Instant Pot Chicken and Mushroom Risotto

4.7 from 30 votes
How to cook chicken and mushroom risotto in an Instant Pot.
Prep Time10 minutes
Cook Time15 minutes
Total Time35 minutes



  • 1 cup arborio rice
  • 1 tablespoon olive oil
  • 1 brown onion
  • 2 cloves garlic
  • 1 tablespoon thyme leaves fresh or dried
  • 5 oz / 140 g button mushrooms
  • 10 oz / 280 g chicken thighs (boneless, skinless)
  • 2 chicken stock cubes
  • 2 cups water
  • 1 tablespoon butter

To serve

  • 1 cup arugula/rocket leaves
  • 2 tablespoons grated parmesan


Prepare ingredients

  • Finely chop 1 onion. Crush or finely chop 2 garlic cloves.
  • Thinly slice 5 oz button mushrooms.
  • Cut 10 oz chicken thighs into 1-inch chunks.

Prepare the risotto

  • Set Instant Pot to 'Sauté'. Add a drizzle of olive oil.
  • When it is hot, add the chicken and cook until starting to brown (approx. 3 minutes).
  • Add the mushrooms and cook until browned (approx. 5 minutes).
  • Add the onion, garlic, and thyme and cook until softened and fragrant (approx. 3 minutes).
  • Add 1 cup of arborio rice, and stir to coat with the liquid in the pan.
  • Add 2 cups of water, and crumble in 2 chicken stock cubes. Stir to release all the cooking residues from the pot, then allow it to come to the boil.

Pressure cook the risotto

  • When the risotto has come to the boil, press 'Cancel' to end the Sauté program.
  • Close and lock the Instant Pot lid. Ensure that the steam release handle valve is set to 'Sealing'. 
  • Press the 'Pressure cook' button, and set it to pressure cook for 5 minutes.
  • When the time is up, use the quick release option to open the Instant Pot (press 'Cancel' then carefully turn the steam release handle to the 'Venting' position). When the float valve has dropped, open the Instant Pot.

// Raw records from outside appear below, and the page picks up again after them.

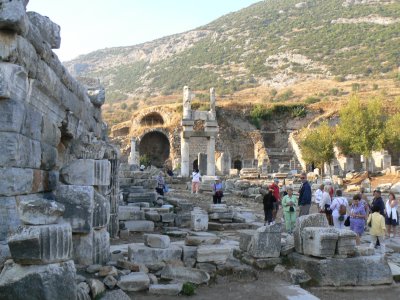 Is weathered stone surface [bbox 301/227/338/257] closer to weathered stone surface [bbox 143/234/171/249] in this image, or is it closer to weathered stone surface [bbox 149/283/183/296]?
weathered stone surface [bbox 143/234/171/249]

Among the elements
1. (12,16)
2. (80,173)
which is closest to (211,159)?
(80,173)

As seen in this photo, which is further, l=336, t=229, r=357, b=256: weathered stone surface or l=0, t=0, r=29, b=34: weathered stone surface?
l=336, t=229, r=357, b=256: weathered stone surface

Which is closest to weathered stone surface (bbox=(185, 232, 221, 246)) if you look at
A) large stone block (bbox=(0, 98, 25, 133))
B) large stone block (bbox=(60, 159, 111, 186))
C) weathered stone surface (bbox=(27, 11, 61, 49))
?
large stone block (bbox=(60, 159, 111, 186))

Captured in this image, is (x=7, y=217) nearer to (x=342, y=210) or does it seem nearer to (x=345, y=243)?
(x=345, y=243)

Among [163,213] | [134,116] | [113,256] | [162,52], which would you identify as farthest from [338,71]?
[113,256]

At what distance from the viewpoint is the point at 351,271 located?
736cm

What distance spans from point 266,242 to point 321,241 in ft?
3.36

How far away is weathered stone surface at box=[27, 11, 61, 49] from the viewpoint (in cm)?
746

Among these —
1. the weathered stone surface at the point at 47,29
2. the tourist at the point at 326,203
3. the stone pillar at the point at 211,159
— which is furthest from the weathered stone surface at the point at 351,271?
the stone pillar at the point at 211,159

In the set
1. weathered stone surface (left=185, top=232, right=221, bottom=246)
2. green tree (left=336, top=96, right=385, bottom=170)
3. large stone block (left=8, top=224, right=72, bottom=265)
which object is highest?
green tree (left=336, top=96, right=385, bottom=170)

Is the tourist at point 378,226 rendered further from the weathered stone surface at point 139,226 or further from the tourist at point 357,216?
the weathered stone surface at point 139,226

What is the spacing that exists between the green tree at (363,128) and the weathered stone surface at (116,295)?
3088 centimetres

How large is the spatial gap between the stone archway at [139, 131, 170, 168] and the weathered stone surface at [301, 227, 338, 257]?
148 ft

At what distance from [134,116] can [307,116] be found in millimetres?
21167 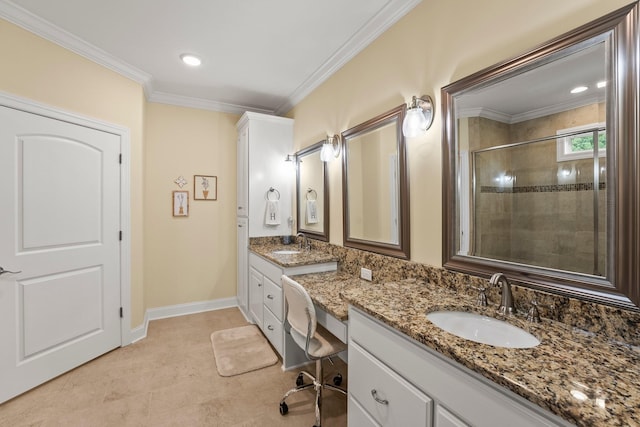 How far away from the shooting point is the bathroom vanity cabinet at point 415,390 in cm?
77

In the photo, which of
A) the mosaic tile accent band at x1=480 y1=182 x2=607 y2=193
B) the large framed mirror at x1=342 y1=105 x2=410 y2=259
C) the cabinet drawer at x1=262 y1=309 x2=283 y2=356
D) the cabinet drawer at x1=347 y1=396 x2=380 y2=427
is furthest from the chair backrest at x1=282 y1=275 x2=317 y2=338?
the mosaic tile accent band at x1=480 y1=182 x2=607 y2=193

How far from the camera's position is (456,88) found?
4.99 feet

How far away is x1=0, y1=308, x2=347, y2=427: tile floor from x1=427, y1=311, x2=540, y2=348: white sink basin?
107cm

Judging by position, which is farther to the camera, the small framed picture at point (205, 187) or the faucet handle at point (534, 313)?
the small framed picture at point (205, 187)

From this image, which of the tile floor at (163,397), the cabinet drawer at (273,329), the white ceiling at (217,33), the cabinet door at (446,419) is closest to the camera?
the cabinet door at (446,419)

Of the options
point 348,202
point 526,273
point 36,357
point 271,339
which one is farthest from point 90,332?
point 526,273

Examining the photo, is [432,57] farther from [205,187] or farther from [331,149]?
[205,187]

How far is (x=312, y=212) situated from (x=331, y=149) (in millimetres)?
740

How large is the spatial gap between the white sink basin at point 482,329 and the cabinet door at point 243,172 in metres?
2.61

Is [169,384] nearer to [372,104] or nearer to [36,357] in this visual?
[36,357]

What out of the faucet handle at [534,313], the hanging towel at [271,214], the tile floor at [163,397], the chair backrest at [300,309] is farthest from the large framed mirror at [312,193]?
the faucet handle at [534,313]

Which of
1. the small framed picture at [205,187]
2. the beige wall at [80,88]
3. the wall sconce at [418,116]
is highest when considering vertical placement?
the beige wall at [80,88]

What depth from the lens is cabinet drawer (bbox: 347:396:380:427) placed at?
128cm

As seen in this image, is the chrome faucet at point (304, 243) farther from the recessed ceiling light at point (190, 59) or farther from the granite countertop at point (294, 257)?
the recessed ceiling light at point (190, 59) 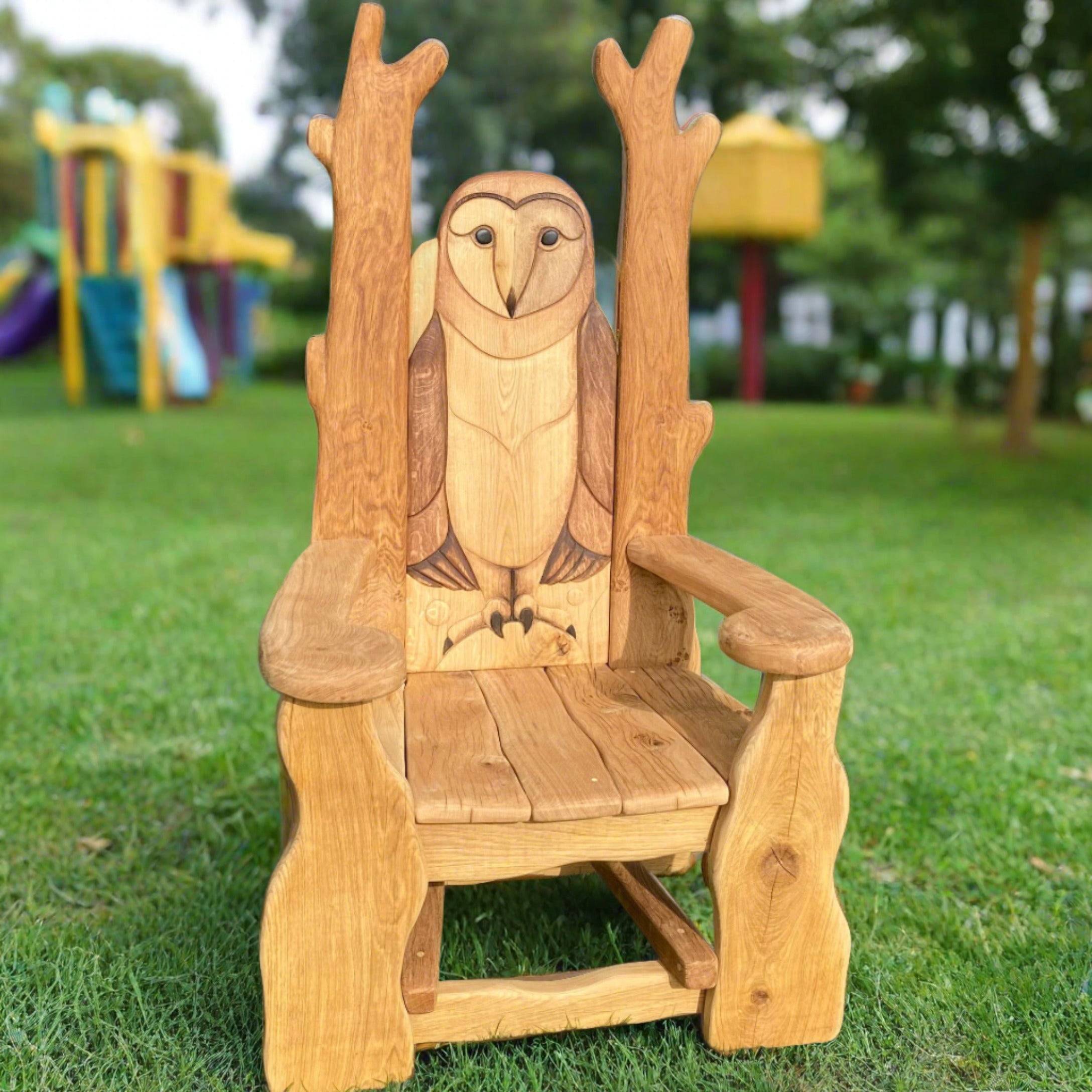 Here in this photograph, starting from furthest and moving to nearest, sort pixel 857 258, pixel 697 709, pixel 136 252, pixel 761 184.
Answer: pixel 857 258
pixel 761 184
pixel 136 252
pixel 697 709

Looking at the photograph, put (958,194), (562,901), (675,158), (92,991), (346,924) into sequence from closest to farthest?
(346,924) < (92,991) < (675,158) < (562,901) < (958,194)

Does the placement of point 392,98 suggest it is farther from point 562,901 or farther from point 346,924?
point 562,901

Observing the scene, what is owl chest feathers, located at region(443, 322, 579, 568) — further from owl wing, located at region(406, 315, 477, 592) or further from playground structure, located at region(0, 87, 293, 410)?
playground structure, located at region(0, 87, 293, 410)

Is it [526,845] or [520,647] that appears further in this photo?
[520,647]

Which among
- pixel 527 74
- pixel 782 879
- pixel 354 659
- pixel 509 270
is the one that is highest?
pixel 527 74

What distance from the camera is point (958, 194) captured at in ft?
33.1

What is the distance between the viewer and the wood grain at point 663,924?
6.02 feet

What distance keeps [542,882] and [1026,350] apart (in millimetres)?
8807

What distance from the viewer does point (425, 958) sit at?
1874 millimetres

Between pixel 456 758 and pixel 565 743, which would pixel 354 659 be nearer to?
pixel 456 758

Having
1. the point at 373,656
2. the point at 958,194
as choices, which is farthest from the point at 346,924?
the point at 958,194

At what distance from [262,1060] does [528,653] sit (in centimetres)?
86

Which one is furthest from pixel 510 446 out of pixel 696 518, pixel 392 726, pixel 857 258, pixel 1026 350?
pixel 857 258

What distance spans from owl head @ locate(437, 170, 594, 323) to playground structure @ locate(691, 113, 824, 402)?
13.4m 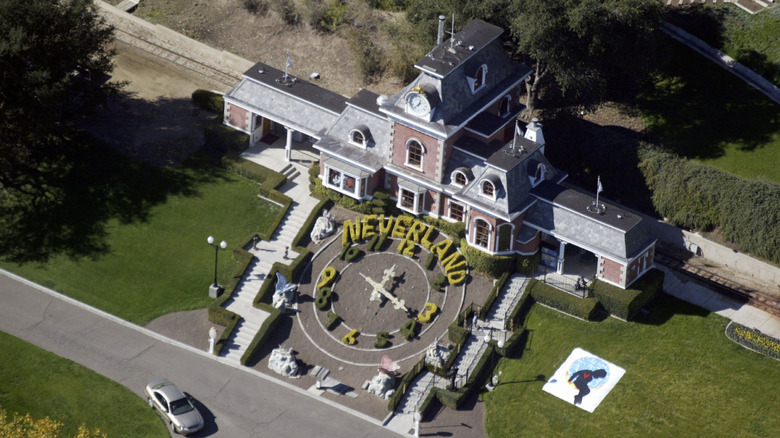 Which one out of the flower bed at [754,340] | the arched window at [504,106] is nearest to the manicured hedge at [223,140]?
the arched window at [504,106]

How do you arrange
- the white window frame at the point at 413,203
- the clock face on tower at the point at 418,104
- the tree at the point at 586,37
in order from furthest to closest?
1. the tree at the point at 586,37
2. the white window frame at the point at 413,203
3. the clock face on tower at the point at 418,104

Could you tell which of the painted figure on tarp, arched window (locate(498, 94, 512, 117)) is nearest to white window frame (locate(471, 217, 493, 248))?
arched window (locate(498, 94, 512, 117))

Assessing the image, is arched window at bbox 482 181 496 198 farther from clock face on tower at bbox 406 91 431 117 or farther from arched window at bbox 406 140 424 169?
clock face on tower at bbox 406 91 431 117

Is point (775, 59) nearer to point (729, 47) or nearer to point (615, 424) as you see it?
point (729, 47)

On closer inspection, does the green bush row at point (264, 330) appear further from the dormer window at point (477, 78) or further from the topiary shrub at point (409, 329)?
the dormer window at point (477, 78)

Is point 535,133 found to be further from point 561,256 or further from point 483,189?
point 561,256

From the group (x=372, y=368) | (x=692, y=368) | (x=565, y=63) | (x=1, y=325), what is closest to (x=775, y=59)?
(x=565, y=63)

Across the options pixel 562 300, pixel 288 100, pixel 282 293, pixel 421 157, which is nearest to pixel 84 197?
pixel 288 100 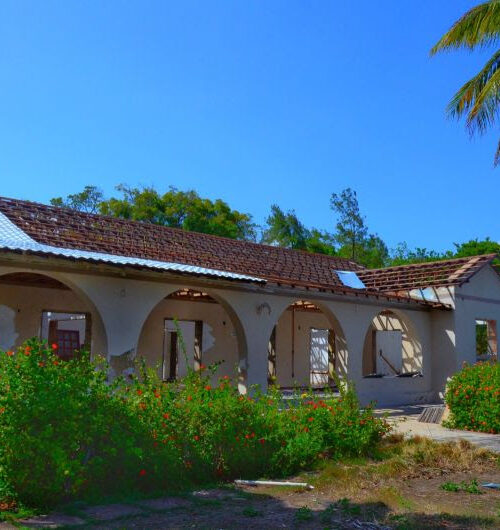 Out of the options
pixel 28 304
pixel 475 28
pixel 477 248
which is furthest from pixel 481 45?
pixel 477 248

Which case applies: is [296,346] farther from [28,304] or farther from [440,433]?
[440,433]

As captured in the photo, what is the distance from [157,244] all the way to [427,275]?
847cm

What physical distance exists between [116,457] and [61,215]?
11.0 meters

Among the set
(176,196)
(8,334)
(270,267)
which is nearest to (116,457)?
(8,334)

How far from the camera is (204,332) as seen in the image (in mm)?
18469

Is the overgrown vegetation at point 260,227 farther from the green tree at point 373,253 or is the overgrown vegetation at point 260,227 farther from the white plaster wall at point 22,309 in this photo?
the white plaster wall at point 22,309

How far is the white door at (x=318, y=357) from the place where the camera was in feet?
74.8

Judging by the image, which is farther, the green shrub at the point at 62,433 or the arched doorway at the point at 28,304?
the arched doorway at the point at 28,304

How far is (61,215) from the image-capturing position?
1612cm

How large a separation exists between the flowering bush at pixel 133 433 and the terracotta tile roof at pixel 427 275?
11.1 m

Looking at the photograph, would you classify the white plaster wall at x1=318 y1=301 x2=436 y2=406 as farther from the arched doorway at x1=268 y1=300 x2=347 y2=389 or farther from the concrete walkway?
the arched doorway at x1=268 y1=300 x2=347 y2=389

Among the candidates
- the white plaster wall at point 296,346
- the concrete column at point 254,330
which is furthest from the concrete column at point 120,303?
the white plaster wall at point 296,346

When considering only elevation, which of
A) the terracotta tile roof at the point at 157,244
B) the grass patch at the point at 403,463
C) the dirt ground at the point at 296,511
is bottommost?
the dirt ground at the point at 296,511

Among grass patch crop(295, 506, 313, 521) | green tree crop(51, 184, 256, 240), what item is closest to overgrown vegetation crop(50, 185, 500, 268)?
green tree crop(51, 184, 256, 240) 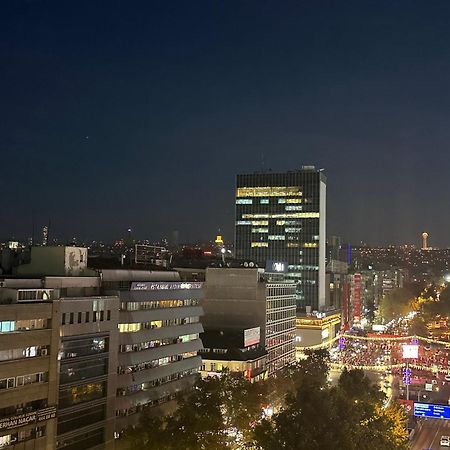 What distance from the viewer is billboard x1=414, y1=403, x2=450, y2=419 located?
252 feet

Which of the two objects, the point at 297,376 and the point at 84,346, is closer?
the point at 84,346

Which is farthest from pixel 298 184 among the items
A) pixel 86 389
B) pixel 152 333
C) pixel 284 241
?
pixel 86 389

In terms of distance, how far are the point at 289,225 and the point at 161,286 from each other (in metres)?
108

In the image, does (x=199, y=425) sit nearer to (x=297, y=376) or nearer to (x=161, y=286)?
(x=161, y=286)

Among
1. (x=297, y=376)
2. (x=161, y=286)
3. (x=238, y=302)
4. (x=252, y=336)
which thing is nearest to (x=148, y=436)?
(x=161, y=286)

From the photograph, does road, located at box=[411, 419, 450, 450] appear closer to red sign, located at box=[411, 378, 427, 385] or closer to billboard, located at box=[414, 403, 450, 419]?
billboard, located at box=[414, 403, 450, 419]

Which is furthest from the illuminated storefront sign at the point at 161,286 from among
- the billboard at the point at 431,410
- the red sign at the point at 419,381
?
the red sign at the point at 419,381

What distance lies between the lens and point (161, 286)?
67.8 metres

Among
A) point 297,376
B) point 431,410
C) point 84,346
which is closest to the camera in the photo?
point 84,346

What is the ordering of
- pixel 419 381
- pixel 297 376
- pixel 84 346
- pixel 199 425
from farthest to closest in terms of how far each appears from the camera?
1. pixel 419 381
2. pixel 297 376
3. pixel 84 346
4. pixel 199 425

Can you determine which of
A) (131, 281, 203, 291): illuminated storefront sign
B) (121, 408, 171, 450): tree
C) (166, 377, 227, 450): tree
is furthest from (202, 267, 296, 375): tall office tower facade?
(121, 408, 171, 450): tree

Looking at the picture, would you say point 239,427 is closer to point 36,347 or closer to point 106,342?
point 106,342

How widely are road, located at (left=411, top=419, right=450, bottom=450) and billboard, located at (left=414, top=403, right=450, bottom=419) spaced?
17.7 ft

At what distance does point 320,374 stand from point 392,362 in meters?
61.4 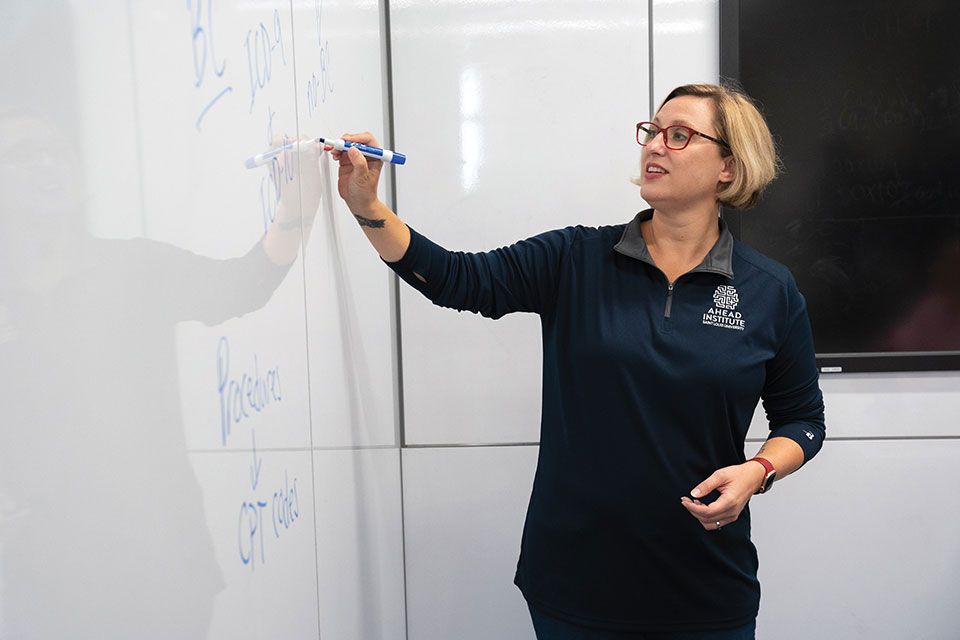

  • Stir through 1 tablespoon of butter, then serve in bowls topped with the Parmesan cheese and arugula/rocket leaves.


Serving: 1  Calories: 694kcal  Carbohydrates: 46g  Protein: 46g  Fat: 37g  Saturated Fat: 12g  Polyunsaturated Fat: 24g  Cholesterol: 209mg  Sodium: 753mg  Fiber: 3g  Sugar: 8g

Nutrition information is an estimate and provided for informational purposes only.